Text-to-Speech (TTS) API Guide

Overview

The Audio API provides a speech endpoint that implements the following features based on TTS models:

📝 Blog post narration

🌍 Multi-language audio generation

🎵 Real-time audio streaming output

Important Note: You must inform users that the audio they hear is AI-generated speech, not human voice

Basic Usage

Basic Example

from pathlib import Path
from openai import OpenAI

client = OpenAI(
    base_url="https://www.kkiai.com/v1",
    api_key=key
)

speech_file_path = Path(__file__).parent / "speech.mp3"
response = client.audio.speech.create(
  model="tts-1",
  voice="alloy",
  input="Today is a wonderful day to build something people love!"
)

response.stream_to_file(speech_file_path)

Features

Audio Quality Options

tts-1: Low latency, suitable for real-time applications

tts-1-hd: Higher quality, may have less static noise

Available Voices

alloy

echo

fable

nova

shimmer

onyx

Supported Output Formats

FormatCharacteristicsUse Cases
MP3Default formatGeneral use
OpusLow latencyWeb streaming and communication
AACEfficient compressionMobile device playback
FLACLossless compressionAudio archiving
WAVUncompressedLow-latency applications
PCMRaw samples24kHz, 16-bit signed

Real-time Audio Streaming

from openai import OpenAI

client = OpenAI(
    base_url="https://www.kkiai.com/v1",
    api_key=key
)

response = client.audio.speech.create(
    model="tts-1",
    voice="alloy",
    input="Hello world! This is a streaming test.",
)

response.stream_to_file("output.mp3")

Supported Languages

Multiple languages are supported, including:

Asian languages: Chinese, Japanese, Korean, etc.

European languages: English, French, German, etc.
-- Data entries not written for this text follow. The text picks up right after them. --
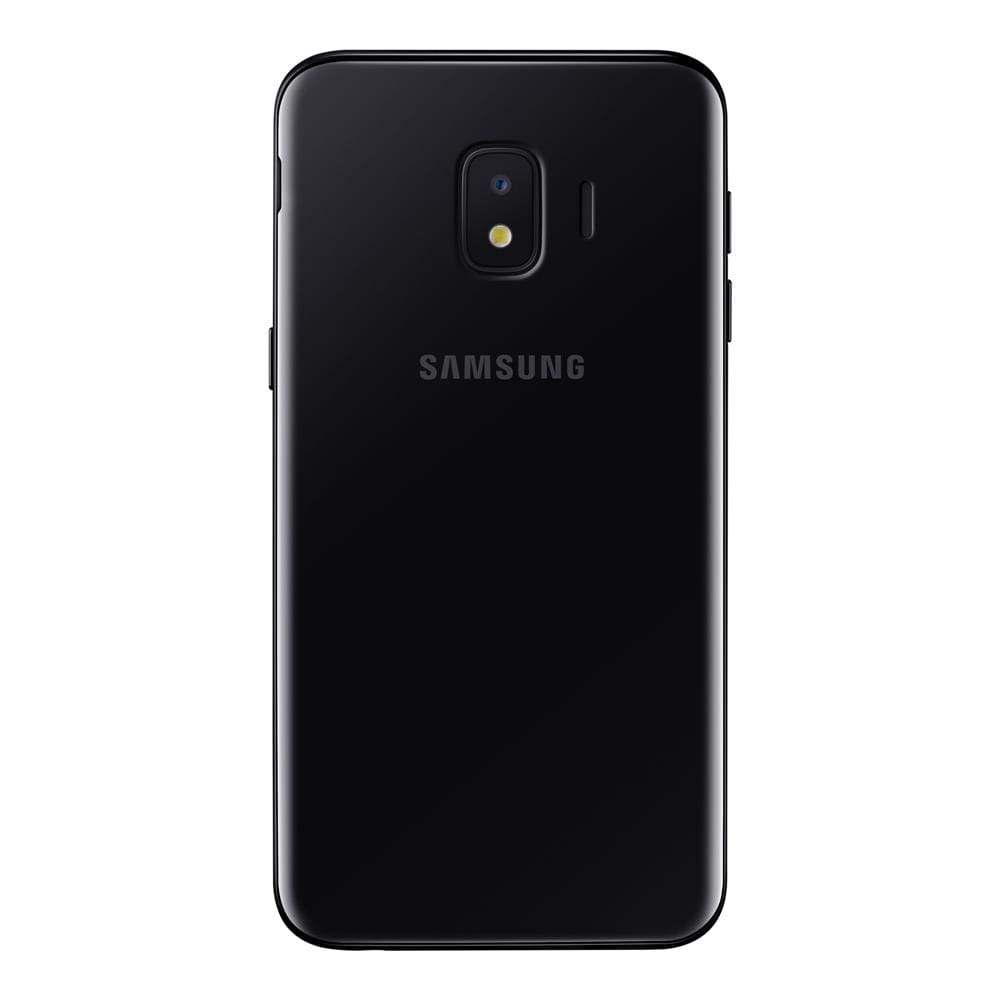 Smartphone Samsung Galaxy J2 Core Preto com 16GB, Tela 5", Câmera Traseira 8MP com Flash LED, Android Go 8.1, Dual chip, 4G, e Processador Quad Core - 2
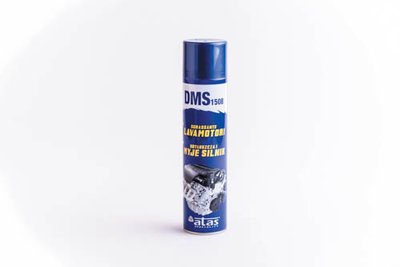 Очищувач двигуна і механічних деталей DMS 400мл (знежирюючий засіб) ATAS 031102 фото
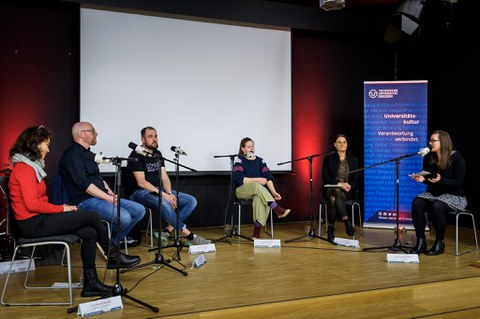 Medizinische Fakultät Dresden - You Ask we explain - Folge 30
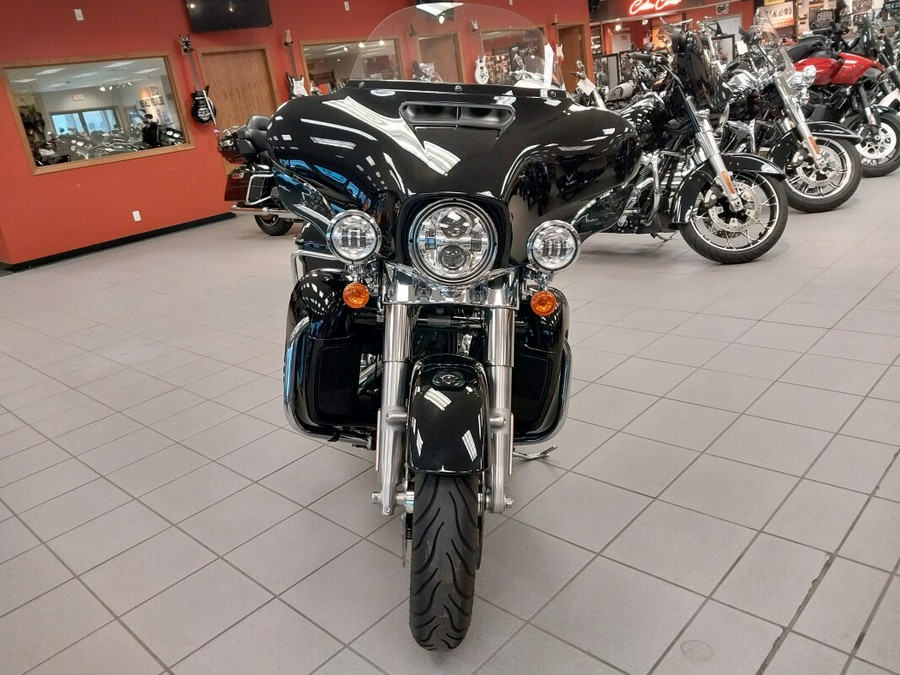 FLHTK 2020 Ultra Limited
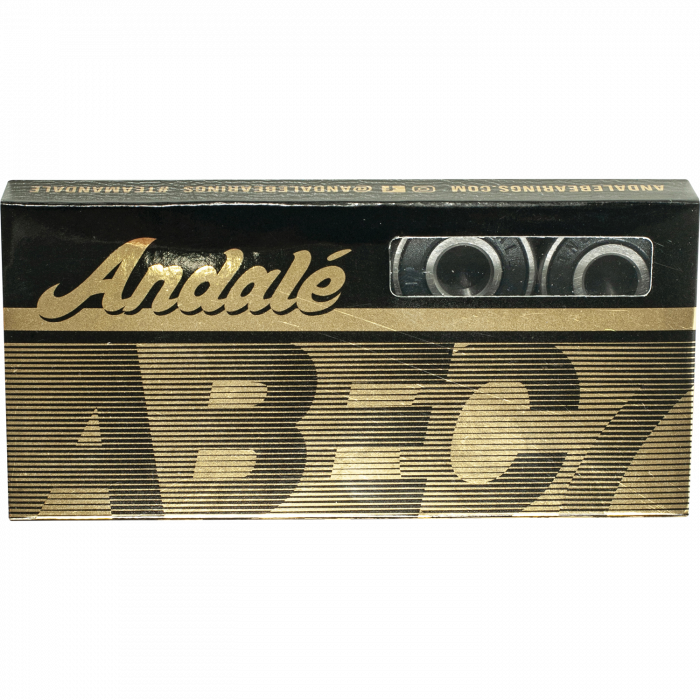 Andale ABEC-7 Bearings Single Set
Other languages: Arabic, Hindi, etc.

Note: Current voices are primarily optimized for English

Frequently Asked Questions

Q: How do I control the emotion of generated audio?

A: There is currently no direct control mechanism. Uppercase letters or grammar may influence the output, but the effect is uncertain.

Q: Can I create custom voices?

A: Custom voice creation is not supported.

Q: Who owns the generated audio?

A: The audio is owned by the creator, but you must inform users that it is AI-generated audio.